*Task goal*
Restate word for word the lines from the one bearing "Multi-Panel Wood DIV Door" through the end of the entries below, and leave every picture out.

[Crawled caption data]
▽
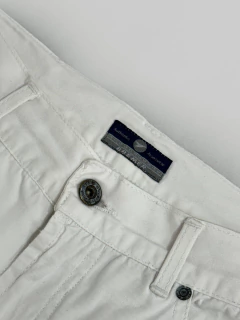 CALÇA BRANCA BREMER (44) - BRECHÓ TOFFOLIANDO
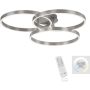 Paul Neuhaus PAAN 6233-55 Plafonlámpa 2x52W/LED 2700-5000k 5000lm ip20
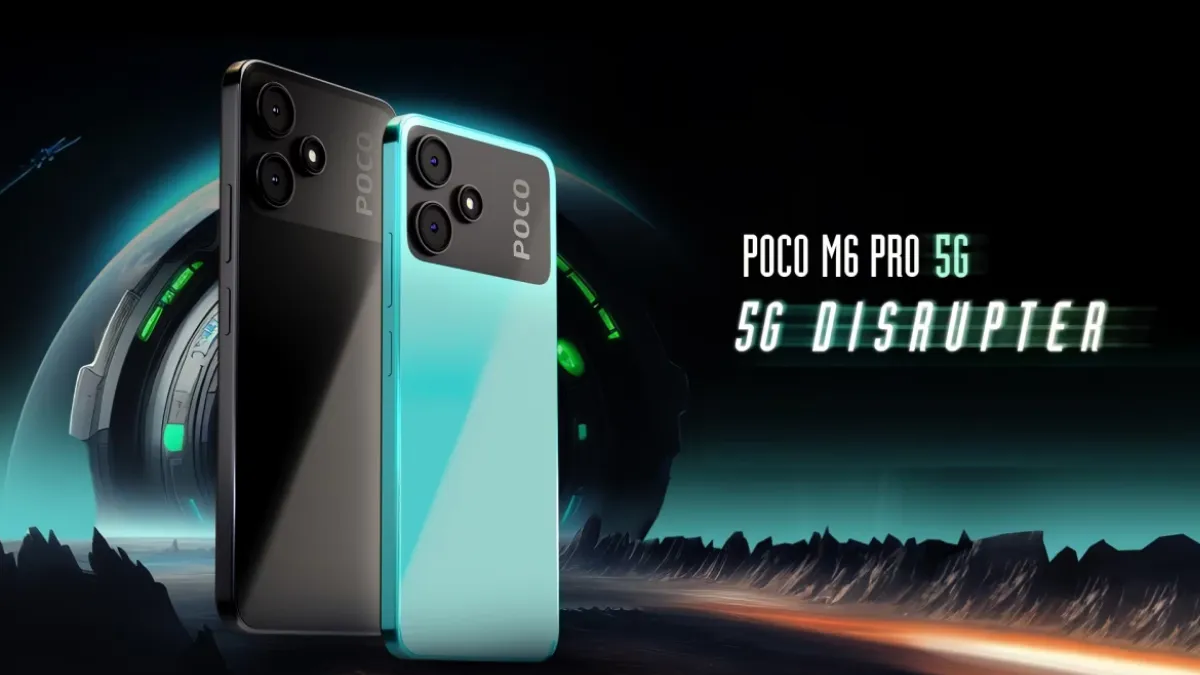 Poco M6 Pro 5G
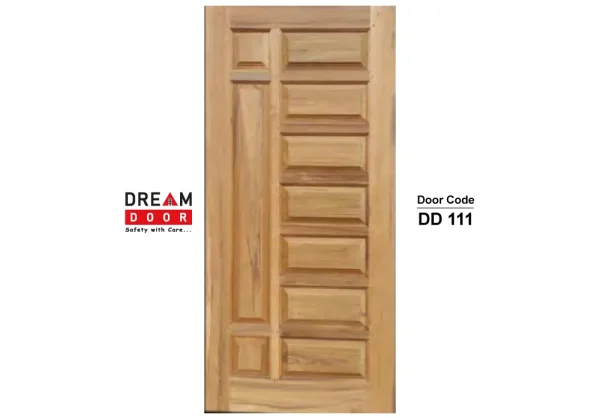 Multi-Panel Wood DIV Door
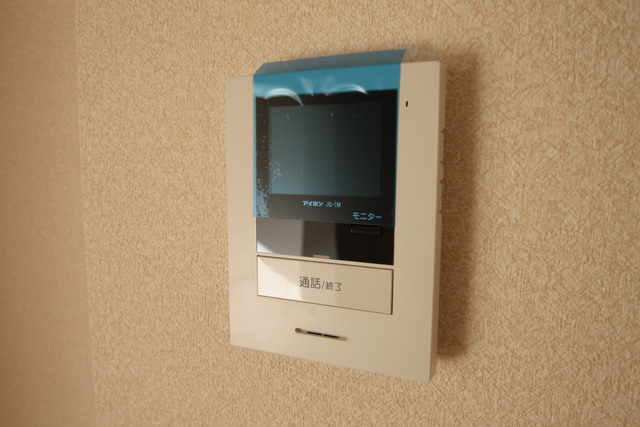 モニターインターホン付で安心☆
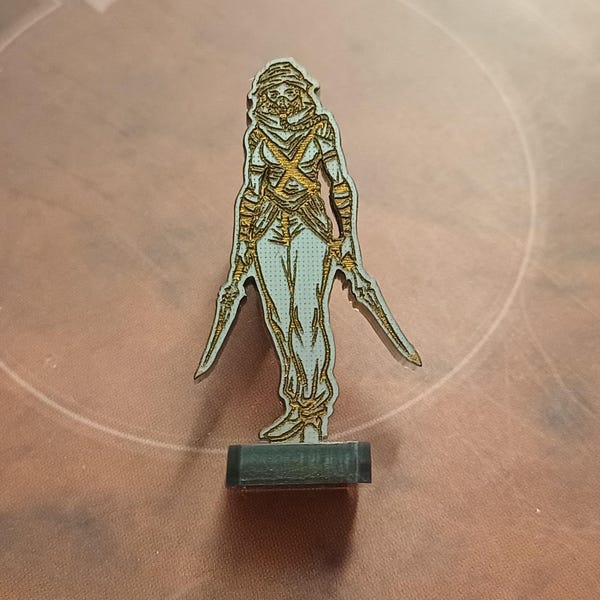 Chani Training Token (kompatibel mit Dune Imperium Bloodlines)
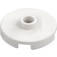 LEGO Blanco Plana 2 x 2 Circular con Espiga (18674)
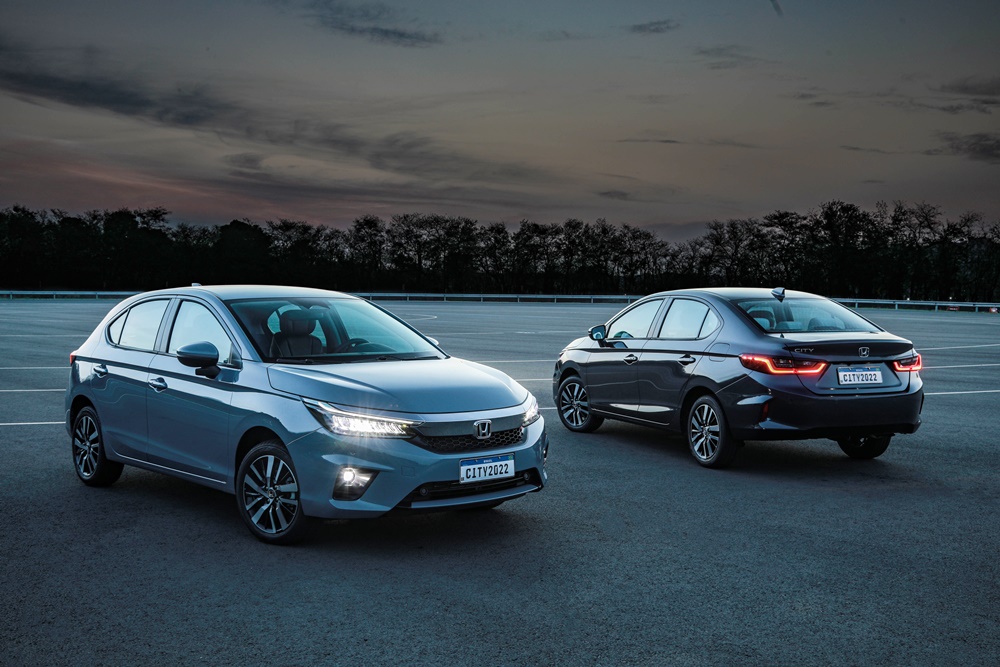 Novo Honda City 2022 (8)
△
*Expected output*
 Multi-Panel Wood DIV Door
 モニターインターホン付で安心☆
 Chani Training Token (kompatibel mit Dune Imperium Bloodlines)
 LEGO Blanco Plana 2 x 2 Circular con Espiga (18674)
 Novo Honda City 2022 (8)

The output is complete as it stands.